Nutshell: Tennis player Guy Haines (Farley Granger) meets spoiled heir Bruno Anthony (Robert Walker) on a train, where Bruno tells him his plan for a perfect murder - in order to have a perfect alibi and not leave behind any personal evidence, two people with someone to kill *swap murders* - they each do the other’s killing. Though Guy has a crazy estranged wife knocked up by some other guy (she’s not sure who) he would like removed from is life, he laughs it off as a joke. But after his estranged wife (Laura Elliot) is strangled to death, Bruno shows up at his doorstep and demands that Guy kill his stern millionaire father who wants Bruno to, you know, get a job. When Guy refuses, Bruno threatens to plant evidence at Guy’s wife’s murder scene that points directly to Guy. Will Guy kill Bruno’s father... or be arrested and probably convicted for murdering his slutty wife?

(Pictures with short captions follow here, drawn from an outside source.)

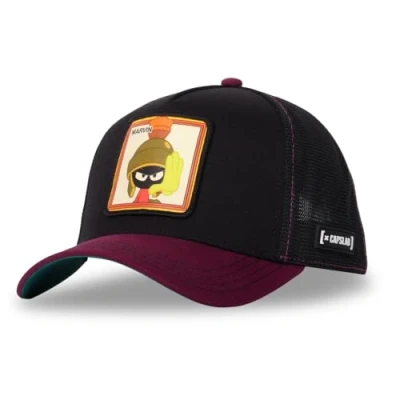 Imagen de Capslab Marvin el Marciano Looney Tunes Ripstop Negro Violeta Gorra de Camionero Ajustable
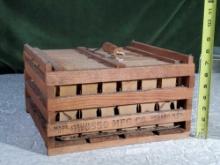 Owosso Mfg. Co. Wooden Egg Crate With Top Handle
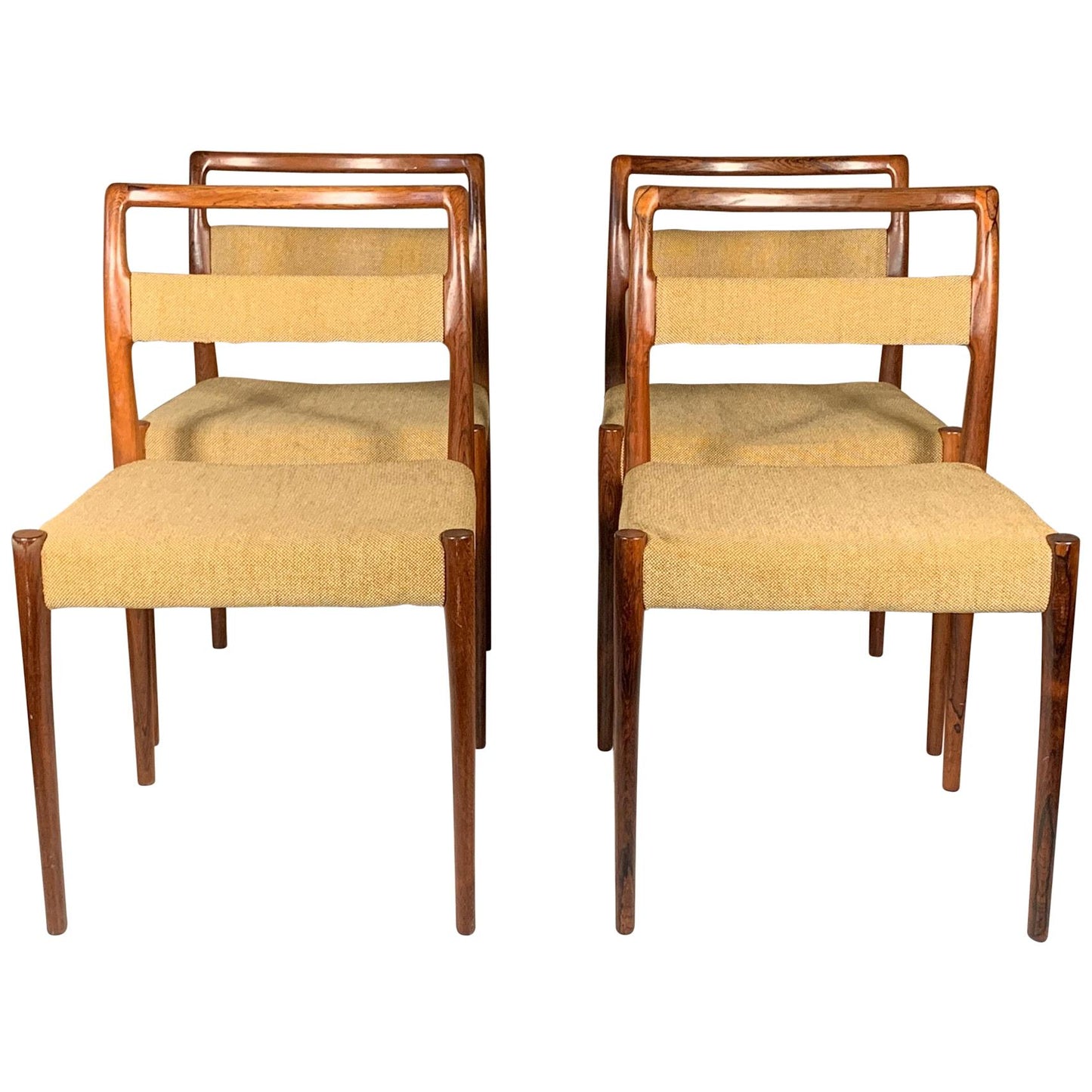 Frisman Vintage Set of Four Dining Chairs by Kai Kristiansen in Brazilian Rosewood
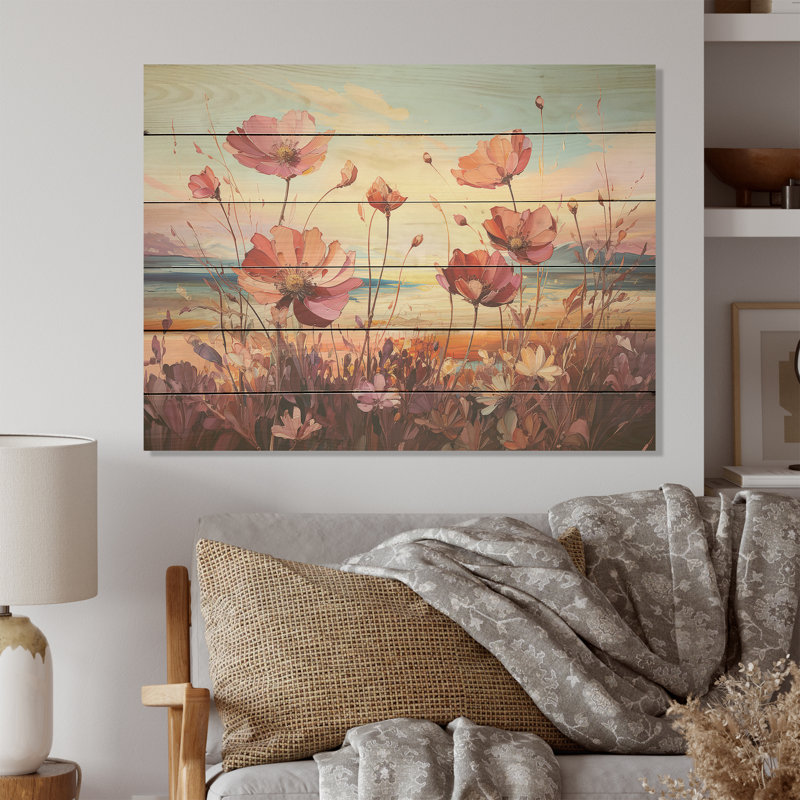 Coucher de soleil sur la plage avec fleurs sauvages, art mural en bois sur bois de pin naturel, H 30 po x l 40 po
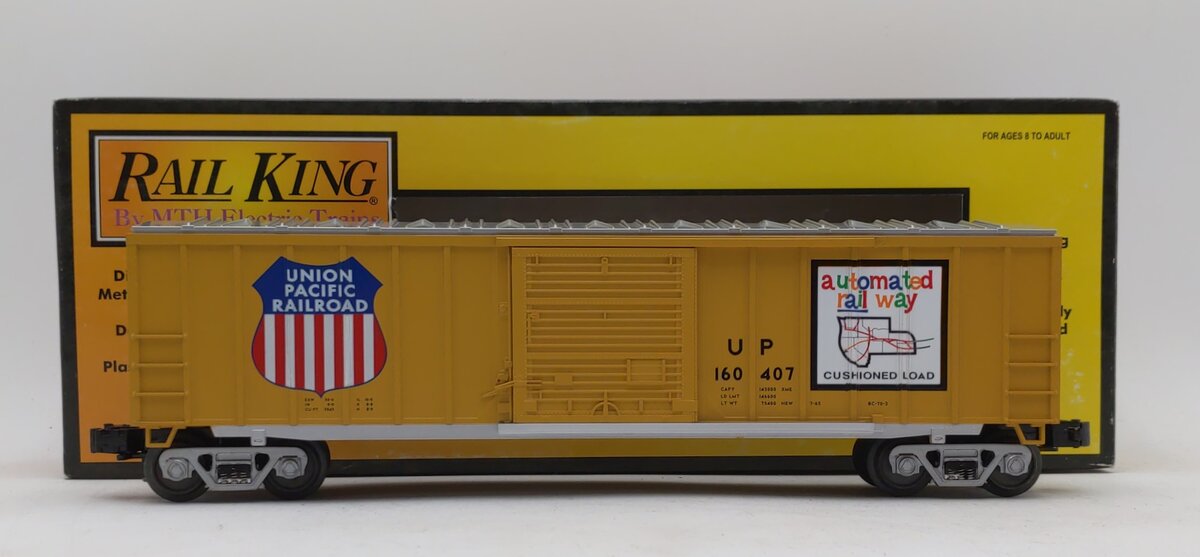 MTH 30-7443 O Gauge Union Pacific 50' Modern Single Door Boxcar #160407 LN/Box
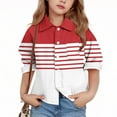 thumbnail image 2 of SERTG Kids Checkered Striped Shirt Long Sleeve Collared Spring Summer Fall Regular Fitted Playing Outerwear for Children 3-16 Years(Red,5 Years), 2 of 6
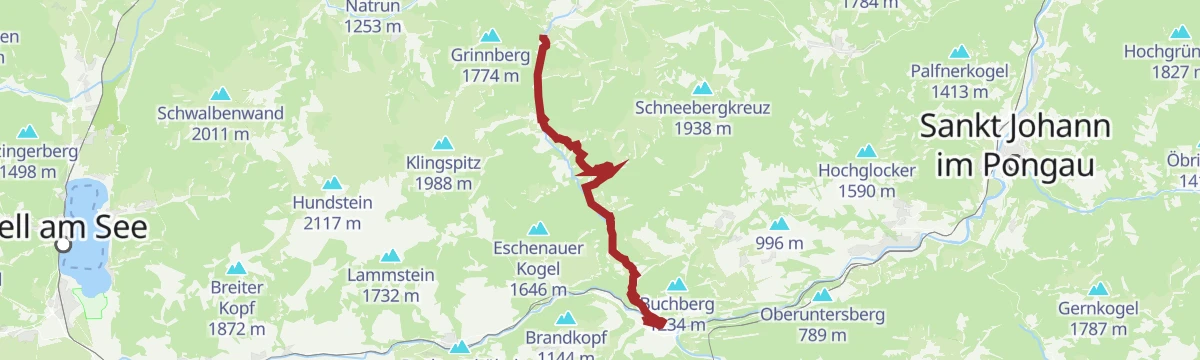 Route map: Pinzgauer Marienweg Etappe 10: Lend - Dienten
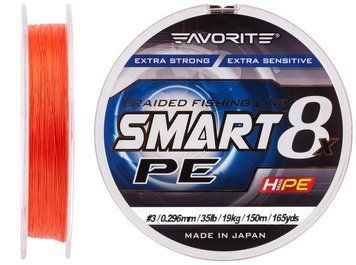 Шнур Favorite Smart PE 8x 150м (red orange) #3/0.296mm 35lb/19kg 1693.10.87 фото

All of this is complicated because Guy is leaving tennis for... politics! He is working for Senator Morton (Leo G. Carroll) and dating the Senator’s hot daughter Ann (Ruth Roman) and adored by the Senator’s teenaged daughter Barbara (Patricia Hitchcock, director’s daughter). Guy thought his estranged wife was a problem while she was alive... wait until he’s accused of her murder!

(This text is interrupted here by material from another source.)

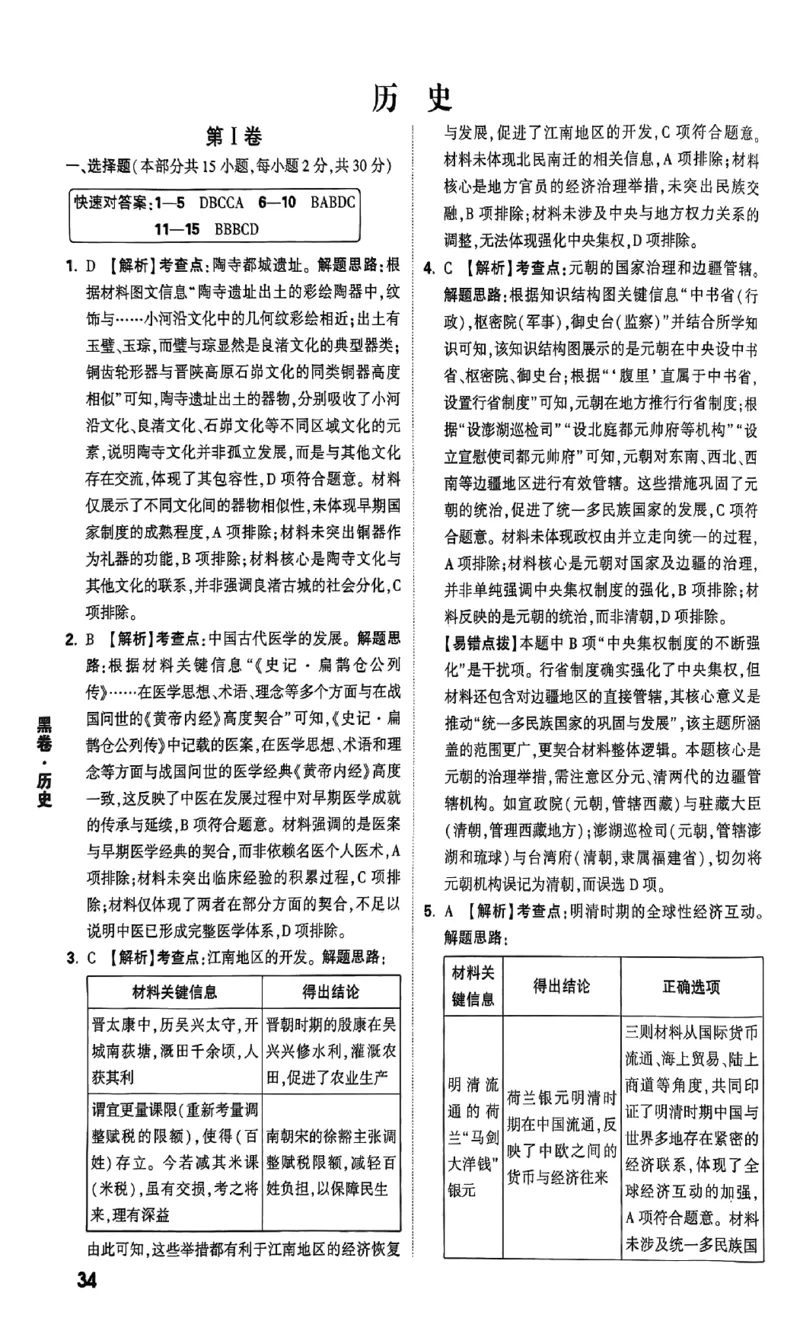 2026《万唯中考&bull;山西黑白卷》文综黑卷答案_2026中考押题卷合集_2026《万唯中考黑白卷》地方版(1)_2026《万唯中考&bull;山西黑白卷》7科_2026《万唯中考&bull;山西黑白卷》历史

Experiment This is one dark story, and the story experiment is the transference of guilt between Guy and Bruno (from the novel). The story frequently cross-cuts between both characters for suspense as well - and does it in interesting ways.

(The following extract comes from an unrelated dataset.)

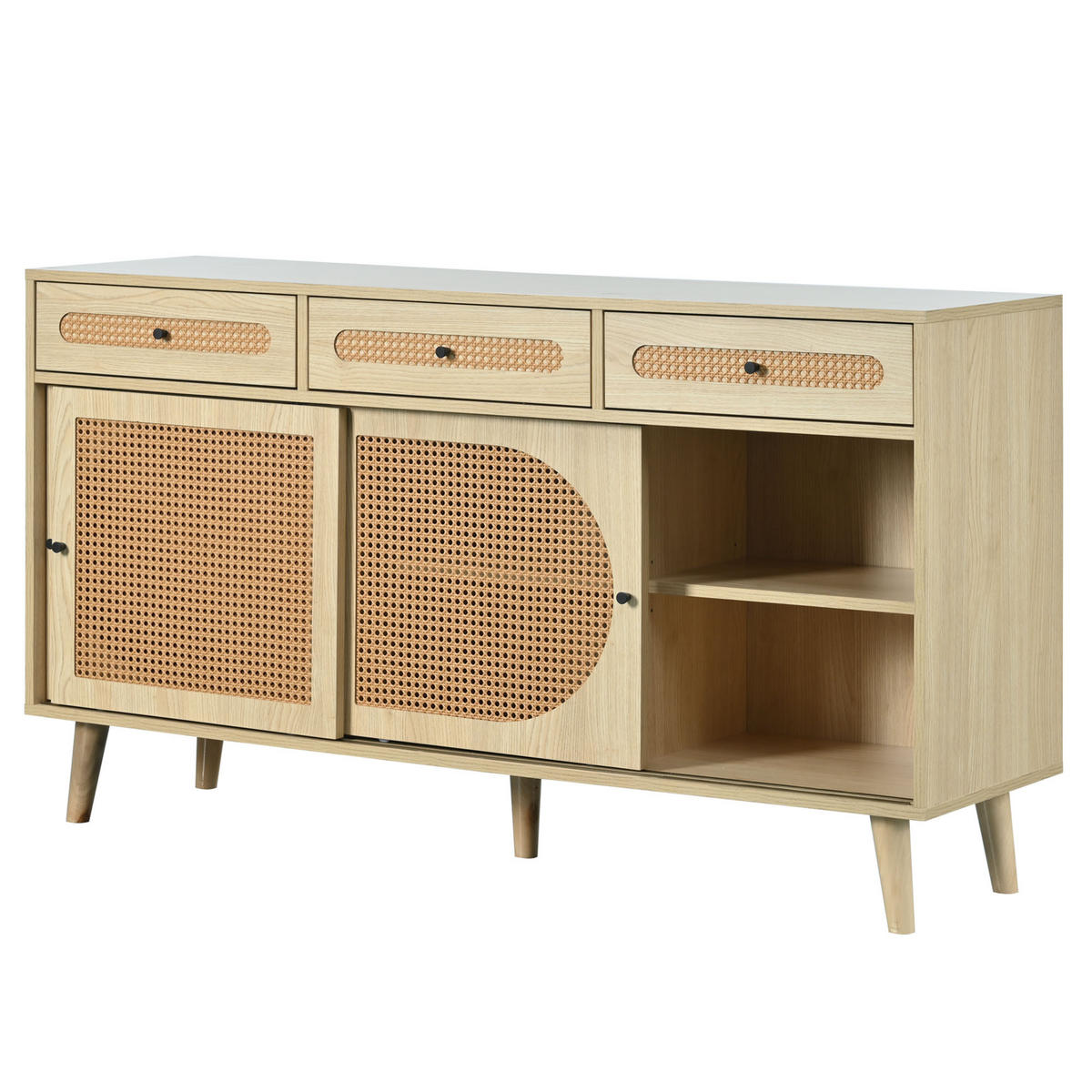 SIDEBOARD, 3 Schubladen, Schiebetüren, Holz, 140cm - Eichefarben, Holzwerkstoff (40/78/140cm) - FLIEKS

The film experiment is in sound design. There are several points in the film where a *sound* becomes the flashback. Instead of a visual flashback, we get the sound of a train or a calliope at the amusement park to remind us of a past event.

Also the use of visual symbols, from hands that are used to strangle to glasses that both Guy’s murdered wife and Guy’s girlfriend’s sister wears. If you just watch for the use of hands in the film, you’ll see they pop up again and again - aside from strangling, characters get manicures, they look at their hands, there are big close ups of *hands* doing things throughout the film. Things like this can be in a screenplay, but may be too subtle for most readers to notice. That’s no reason not to put them in, but don’t be surprised when 99% of the folks who read your script never notice.

Hitch Appearance: Carrying a massive string base trying to board a train.



Great Scenes: STRANGERS ON A TRAIN has a couple of iconic Hitchcock scenes that get swiped for other movies and homages. But even the lesser known scenes are packed with tension and suspense and just plain creepiness. This is a film that gets under your skin, because as Bruno says in a scene. Haven’t we all fantasized about killing someone? And haven’t you ever struck up a conversation with a stranger who becomes ever more stranger the more you talk to them?

The movie opens with two sets of train tracks joining into one... and two pair of legs (with very different taste in shoes that give us a clue to character) are on a similar collision course. One going right, one going left... both entering a train... then the shoes takes seats and bump into each other as both sets of legs cross at the same time. That’s the first time we tilt up to see Guy and Bruno’s faces... and Bruno insinuates himself into Guy’s train trip and his life... and comes up with his murder swap idea. Guy laughs it off and gets off the train, leaving his monogrammed cigarette lighter behind.



Listening Booth: Guy was taking the train to his home town to try and negociate a divorce with his estranged wife so that he can marry the Senator’s daughter. His slutty wife Miriam works in a music store with several glass-walled sound proof listening booths, and one of those booths is where they have their little conversation. It is a great location, because if we look at the booth from the outside we get picture without sound. That allows for some interesting choices for the way the scene is presented.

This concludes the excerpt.